Leonardo Sciascia

É bastante interessante o processo de Sciascia justamente porque ele toma um fato até banal no universo das violências cotidianas que estampam jornais marrons e mergulha numa análise político-histórica bastante profunda

Já comentei várias vezes nesse espaço e em outros que o romance policial foi estudado por pessoas muito mais capacitadas que eu. Também já comentei que um discurso não incomum lá pelos anos 1990 chegou a supor que o romance (talvez o romance moderno) fosse todo ele um romance policial. E já comentei — e se não comentei, comento agora — que o romance policial é um subgênero do romance bem mais amplo do que uma simples definição. Há todo tipo de romance policial, o que mistura história, as mais variadas noções de Ciência, misticismo, horror, psicologia e por aí vai. É um cenário bastante amplo e chego a invejar quem estuda isso. Os romances policiais enveredaram para outros produtos culturais, como filmes, séries e até mesmo peças teatrais. No emaranhado discursivo que o romance moderno se transformou, é difícil, por vezes, verificar onde começa um romance policial e onde termina o histórico, ou onde começa um romance político e onde termina o policial e assim por diante. Mas “encontrar o assassino” se transformou nas mais variadas formas de busca pelo erro, pelo culpado, pelo bandido, etc.

Por isso mesmo, definir Sciascia como um escritor de romances policiais pode ser como apontar o homem numa rua e dizer “olha lá, um homem”: é como apontar um grão de arroz numa concha cheia desse cereal e dizer “ó, é aquele grão branco ali” (estou pensando em arroz branco). O Dia da Coruja e Il Pugnalatori são dois bons exemplos do processo de escrita de Sciascia.

É bastante interessante o processo de Sciascia justamente porque ele toma um fato até banal no universo das violências cotidianas que estampam jornais marrons e mergulha numa análise político-histórica bastante profunda. Não importa se o caso se passe em fins do século XIX ou na década de 1960, a questão envolve a violência em si e quem a provocou, a máfia, o sistema jurídico italiano, a polícia (o modo de investigação e suas consequências), a rede de corrupção dentro da qual não fica de fora o homem mais poderoso e o homem mais humilde, para quem a corrupção é tão cultural e, por vezes, defensável. Quando uma sociedade chega a um ponto de considerar a corrupção cultural e por isso defensável, digamos que ela começou a descer uma ladeira sem volta.

A comparação com o Brasil é inevitável, num jogo muito simples de simetrias e inversões. Há a lembrança de um governador da época do regime fascista que perseguia mafiosos, Mori (pois, é, talvez a paixão de certo ex-juiz não seja apenas por camisas pretas, havendo uma luta de gangues da alta roda, por assim dizer), há juízes justiceiros, a indignação popular com a prisão de um “homem de bem, velho, cristão e doente”, mas notoriamente corrupto, há o defensor da canalhice toda, o zé-ninguém que não acredita nela, por má vontade, desinteresse pela história do país ou por cegueira política mesmo, há a corda que arrebenta do lado mais fraco, e há quem paga a conta: o cidadão.

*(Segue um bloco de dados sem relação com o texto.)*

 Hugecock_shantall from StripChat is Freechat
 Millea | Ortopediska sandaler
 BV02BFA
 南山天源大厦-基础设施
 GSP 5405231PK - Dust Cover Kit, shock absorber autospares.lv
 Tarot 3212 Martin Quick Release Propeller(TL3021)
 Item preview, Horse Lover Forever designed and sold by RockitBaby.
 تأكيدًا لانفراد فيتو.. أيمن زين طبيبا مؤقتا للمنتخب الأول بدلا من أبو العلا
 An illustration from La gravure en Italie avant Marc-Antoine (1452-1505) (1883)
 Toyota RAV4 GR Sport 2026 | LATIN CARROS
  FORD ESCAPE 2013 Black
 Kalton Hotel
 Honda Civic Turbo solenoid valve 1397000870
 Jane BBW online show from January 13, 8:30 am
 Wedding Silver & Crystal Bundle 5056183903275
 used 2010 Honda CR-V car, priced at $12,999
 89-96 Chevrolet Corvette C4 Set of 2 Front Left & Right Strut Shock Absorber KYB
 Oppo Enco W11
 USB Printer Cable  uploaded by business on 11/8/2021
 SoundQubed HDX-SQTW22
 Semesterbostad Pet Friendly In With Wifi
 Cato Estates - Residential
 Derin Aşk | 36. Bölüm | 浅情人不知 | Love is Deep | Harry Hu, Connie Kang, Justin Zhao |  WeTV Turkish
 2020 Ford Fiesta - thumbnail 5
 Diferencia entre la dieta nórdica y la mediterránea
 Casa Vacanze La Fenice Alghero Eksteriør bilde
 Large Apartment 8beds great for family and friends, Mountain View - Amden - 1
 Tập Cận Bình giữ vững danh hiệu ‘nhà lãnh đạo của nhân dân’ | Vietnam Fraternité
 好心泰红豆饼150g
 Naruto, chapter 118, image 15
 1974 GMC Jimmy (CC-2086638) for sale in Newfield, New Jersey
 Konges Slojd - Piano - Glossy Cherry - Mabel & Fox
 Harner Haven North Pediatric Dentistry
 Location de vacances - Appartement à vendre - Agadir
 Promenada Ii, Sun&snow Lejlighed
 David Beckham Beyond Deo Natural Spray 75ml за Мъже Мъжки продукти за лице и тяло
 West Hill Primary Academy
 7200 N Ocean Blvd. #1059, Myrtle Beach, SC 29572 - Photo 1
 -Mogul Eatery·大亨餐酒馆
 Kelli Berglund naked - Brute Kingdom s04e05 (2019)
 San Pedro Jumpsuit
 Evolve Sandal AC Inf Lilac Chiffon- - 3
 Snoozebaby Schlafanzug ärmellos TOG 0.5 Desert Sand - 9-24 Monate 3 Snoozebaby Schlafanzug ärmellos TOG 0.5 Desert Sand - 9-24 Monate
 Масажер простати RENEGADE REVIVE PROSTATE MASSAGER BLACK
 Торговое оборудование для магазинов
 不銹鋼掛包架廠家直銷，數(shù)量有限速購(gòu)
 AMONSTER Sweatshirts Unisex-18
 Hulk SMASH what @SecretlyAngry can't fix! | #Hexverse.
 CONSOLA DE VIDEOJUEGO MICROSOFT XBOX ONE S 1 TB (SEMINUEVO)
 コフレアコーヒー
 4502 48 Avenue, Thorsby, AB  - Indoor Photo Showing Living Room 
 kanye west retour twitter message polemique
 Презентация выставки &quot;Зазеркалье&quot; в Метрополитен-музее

Mas é incrível como Sciascia consegue falar disso tudo numa narrativa curta e ainda mergulhar na psicologia de suas personagens, com análises certeiras e muito precisas, seja de um alcagueta, seja de um investigador de polícia. É interessante, também, perceber não apenas o método de Sciascia como também o fato de que estas duas histórias paralelas (dos dois livros) ocorrem com quase um século de distância uma da outra: lá, como aqui, a corrupção está no DNA da formação do país, por mais que haja mais diferenças que semelhanças culturais entre nós e os italianos.

Mais novo que Gadda e Lampedusa (ícones da literatura italiana do século XX), da mesma geração que Pavese e Moravia (penso nos ficcionistas e não nos famosos poetas italianos), Sciascia é dono de uma linguagem e de um universo próprio, em que a ironia anda de mãos dadas com a análise social feita com um bisturi e uma lupa.

Eu poderia citar uma dezena de grandes autores de policiais, mas hoje era o dia dele.